RStudio and Big Data Assignment

Project Description:

The goal of this project is to perform data analysis using R. The techniques and

skills we have introduced in class will help you along the way.

Datasets: Dataframes flights, airlines in the nycflights13 package. Other

data can be integrated when needed.

In this project, you will need to read in the given dataset in RStudio and then

perform the following data analysis using R.

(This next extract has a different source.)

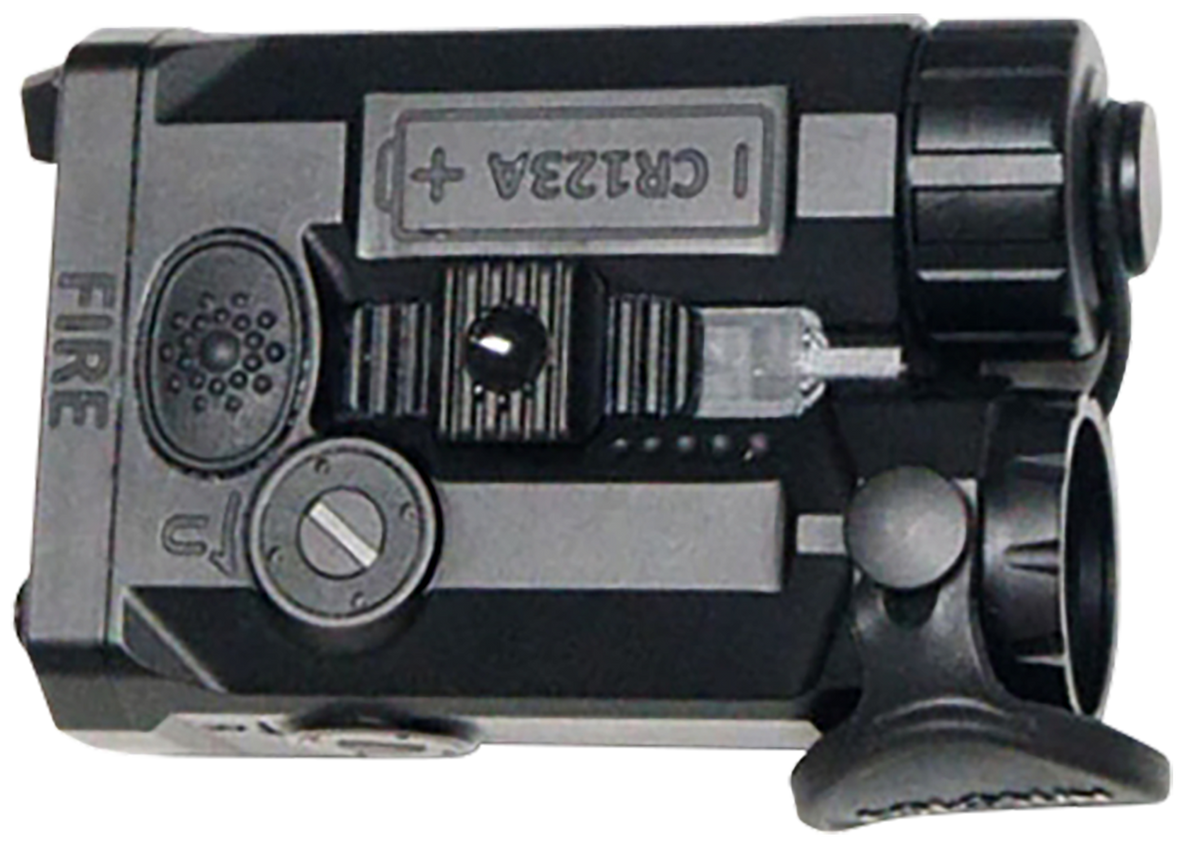 Holosun IRIS-GR3 Triple-Function Green & IR Laser w/ VCSEL Illuminator - Matte Black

Part I. Reading in the dataset and basic analysis

Pat II. Visualizing relationships between pairs of variables

Part III. Manipulating/ joining/ transforming Data

Part IV. Summarizing data

For each of the above four topics, please design 5 interesting questions/tasks,

run R commands to get the answers or complete the tasks.

Sample Questions: Q1. What are the subjects of this dataset? Q2. How

many subjects are there? Q3. What type of variable is origin?Q4. What is

the most common origin? Q5. What is the minimum distance?

Sample Tasks: T1. Produce a table to summarize the origin variable. T2.

Produce a bar chart of the origin variable. T3. Calculate the mean and standard

deviation of the distance variable. T4. Produce a histogram of the distance

variable. T5. Visualize the relationship between arr_time and sched_arr_time

using scatterplot.

Project Report

The report should include but not limited to the following components.

1. Title and author(s).

2. Project Description:

-Give a brief introduction of the project goal.

-Describe the basic information of the dataset.

3. Data Analysis and Results:

-In this section, please document all the data

analysis in the following four parts. For each part, document the

following: specific questions/tasks; R commands you used to solve the

problems/tasks; answers/results to the questions/ Running results of the

commands (tables, figures, or values).

o Part I. Reading in the dataset and basic analysis

§ Question/Task…

§ Commands…

§ Results…

o Part II. Visualizing relationships between pairs of variables

§ Question/Task…

§ Commands…

§ Results…

o Part III. Manipulating/ joining/ transforming Data

§ Question/Task…

§ Commands…

§ Results…

o Part IV. Summarizing data

§ Question/Task…

§ Commands…

§ Results…